KVEA Los Angeles also has added staff, bringing a morning co-anchor on board, and will broadcast from new studios housed in the same building as KNBC. There’s activity in Texas, too, where KTMD Houston recently launched weekend news, which is broadcasting from the station’s new set.
There is apparently more to come, too. “We have very, very ambitious plans for next year,” Abud says. He just can’t yet say what those are.
Entravision, which owns 27 Univision affiliates, is also busy growing local news, which will include rolling out a morning show on all those stations in the second quarter of 2014, says COO Jeff Liberman.
That show, which is currently in development, will include a mix of shared and local content, and will air at 6-7 a.m. before Univision’s Despierta America. The morning concept already is in play at some Entravision-owned stations.
In October, WFDC Washington, which already aired evening and latenight local news, launched its own morning show, Buenos Dias D.C. Locally produced morning shows also air on Entravision stations in San Diego; El Paso, Texas; McAllen, Texas; and Orlando, Fla.
The show also provides Entravision with the opportunity to further brand itself as a news-producing brand (the company has started to introduce its logo in newscasts), Liberman says.
“Univision provides us with great programming, but this really provides the local marketplace with local flavor,” Liberman says.
Fox’s MundoFox is the other potentially major player in this arena.
Launched 15 months ago, network leaders said that the 50 stations that signed on to be MundoFox affiliates at that time would broadcast local news, many starting by the end of 2012. That would greatly expand the number of stations producing local news nationwide. Whether that’s occurred, however, is unclear.
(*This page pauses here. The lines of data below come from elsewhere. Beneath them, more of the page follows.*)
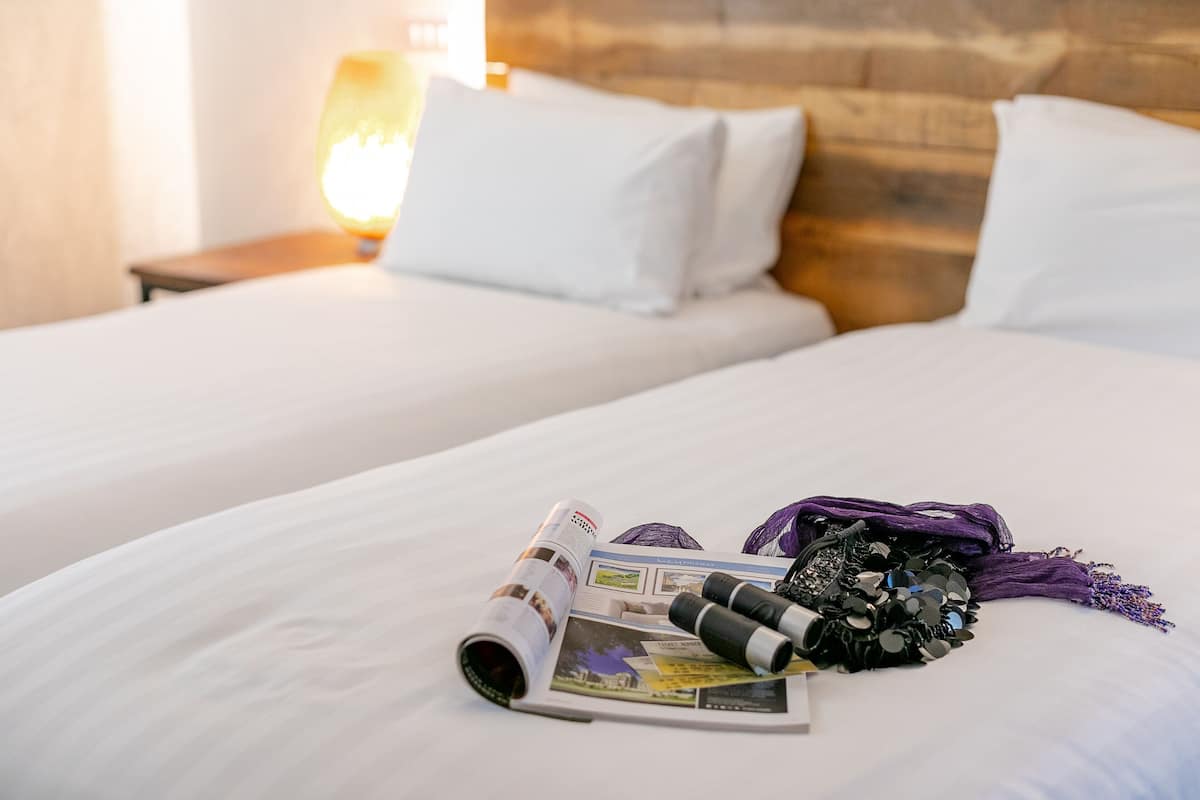 Een hotelkamer met twee bedden, een lamp en een tijdschrift op het bed.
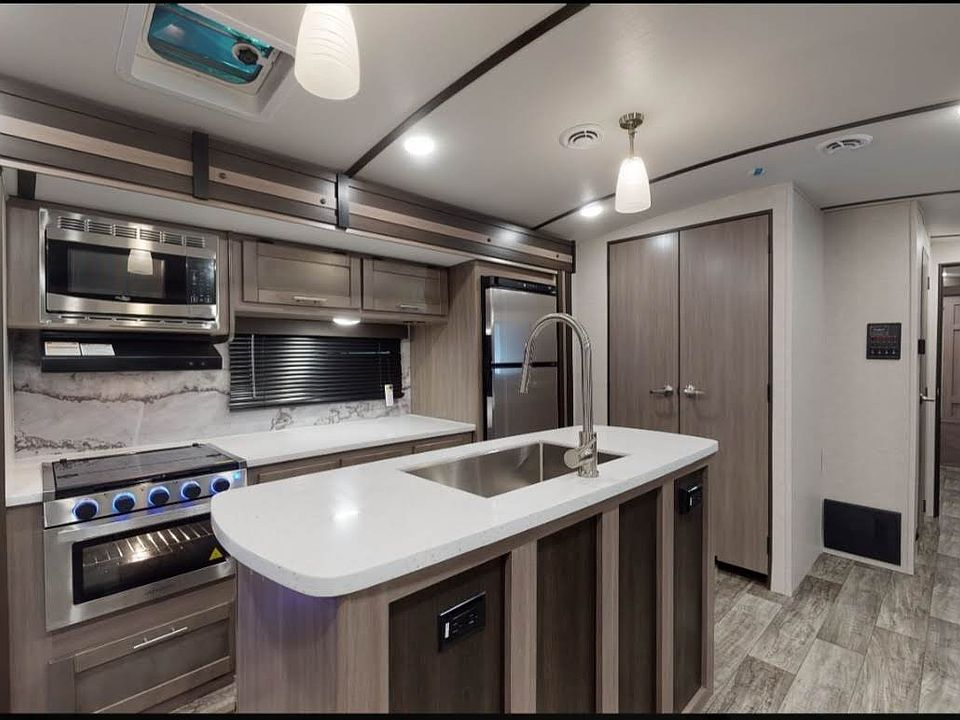 Fully furnished with cooking wear and utensils.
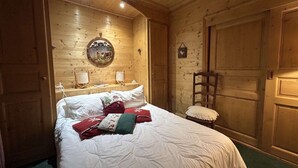 Una habitación acogedora de madera con una cama, dos mesitas de noche y un cuadro colgado en la pared.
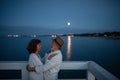 Happy senior couple in love hugging outdoors on pier by sea at moonlight, looking at each other. Royalty Free Stock Photo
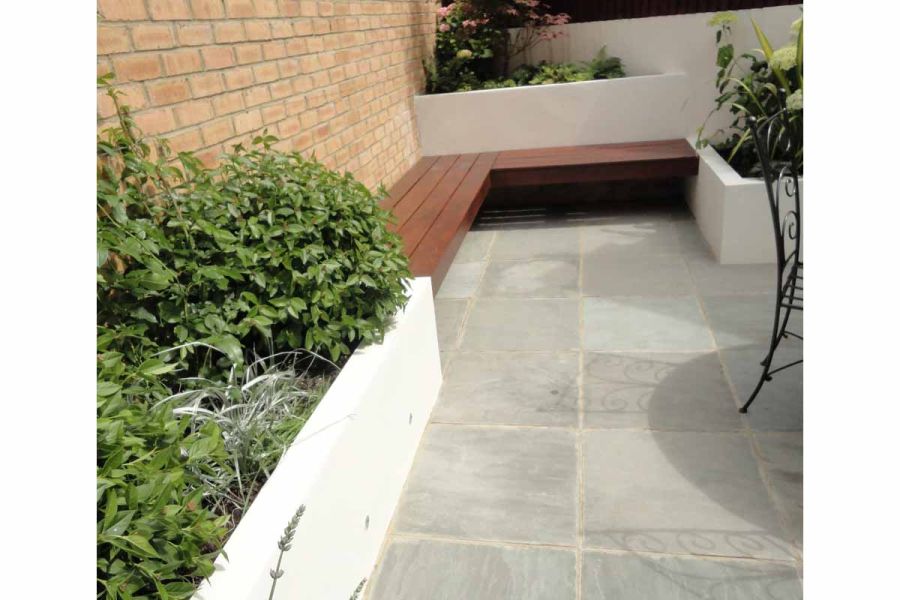 Corner of patio, next to tall brick wall, with white, raised beds and L-shaped inbuilt wood bench on Kandla Grey sandstone paving.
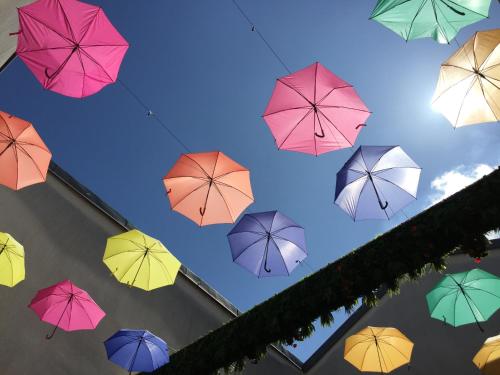 a bunch of colorful umbrellas flying in the sky at City Loft Apparthotel in Dijon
MundoFox reps were not available to comment.
Putting resources into local news is apparently paying off for Hispanic broadcasters, whose efforts are garnering audiences and advertisers, they say.
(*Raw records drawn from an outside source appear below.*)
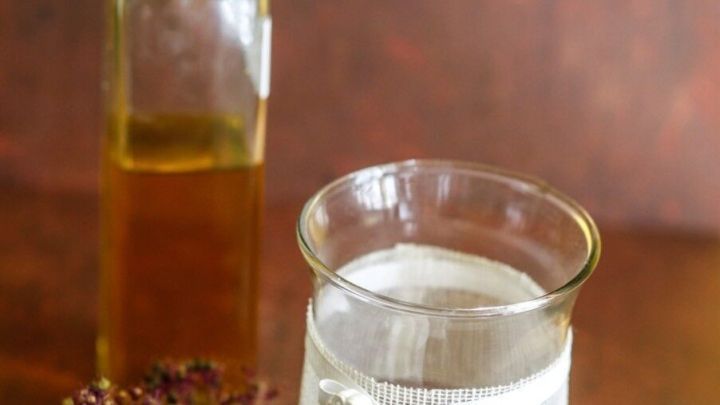 Eine Glasvase mit Wasser und Dekoration steht neben einer Flasche &Ouml;l, um Kalkr&uuml;ckst&auml;nde in Deko-Wasser-Schalen zu reduzieren.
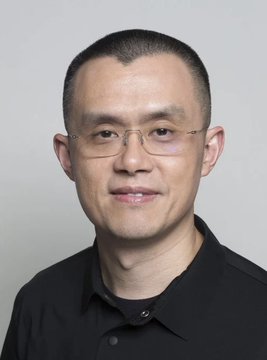 A headshot of CZ (Changpeng Zhao), the founder of Binance, smiling slightly while wearing glasses and a black polo shirt. The image accompanies news that CZ stated he personally holds no memecoins, with his portfolio consisting almost entirely of Bitcoin and BNB.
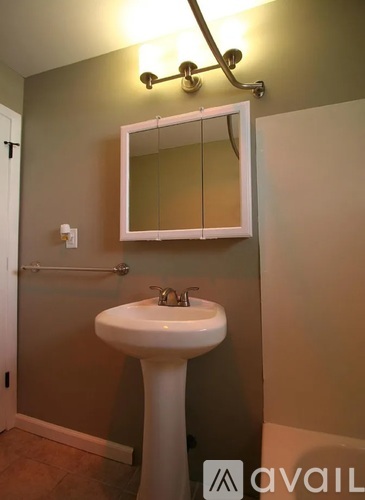 A bathroom with a white pedestal sink and a mirror above it.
Abud says that on many days WSCV Miami’s evening and latenight newscasts rate No. 1 in the market, outperforming both Spanish- and English-language stations. Liberman reports similar results. He says local news on Entravision stations across the country also consistently rate No. 1 or No. 2 in their markets among all stations regardless of language.
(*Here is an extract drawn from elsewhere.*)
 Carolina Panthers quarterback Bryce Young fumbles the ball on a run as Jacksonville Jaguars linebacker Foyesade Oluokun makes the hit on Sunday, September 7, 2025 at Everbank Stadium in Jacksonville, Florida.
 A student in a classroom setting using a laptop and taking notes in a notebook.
“I think everyone realizes the growth in the market,” Abud says. “We are happy to see that more and more of the clients are understanding reaching out to the Hispanic consumers.”
But the surge in activity is sort of a mixed bag for U.S. Latino journalists, who are competing with native Spanish speakers for many of the jobs that come with such growth.
“One of the biggest challenges we have is the language proficiency for on-air quality,” says Abud, who says he frequently recruits talent from other countries to fill on-air jobs. Telemundo’s L.A. morning anchor, for example, is from Mexico. A morning anchor at WNJU New York is from Columbia.
“When you’re talking and a newscaster, whether it’s an anchor or reporter, their Spanish has to be perfect,” he says.
In turn, organizations like the NAHJ are focusing efforts on helping Latino journalists born in the U.S. improve their language skills, Balta says.
“This is a great opportunity,” he says. “But broadcasters want the best writers, the best journalists that are proficient in Spanish to be anchors and reporters and, to be honest, those are often foreign-born journalists because that’s their native tongue.”
Yet for someone like Portela, whose good fortune landed her a job at a Hispanic-targeted station that broadcasts in English, the growth in Latino broadcasting has already been an unexpected boon.
“One of my college professors said to me before graduation that ‘Ten years from now you’ll be working at a job that doesn’t exist right now,’” says Portela, 30, who started working in local news through a minority scholarship program. “That’s kind of what happened to me with Fusion.”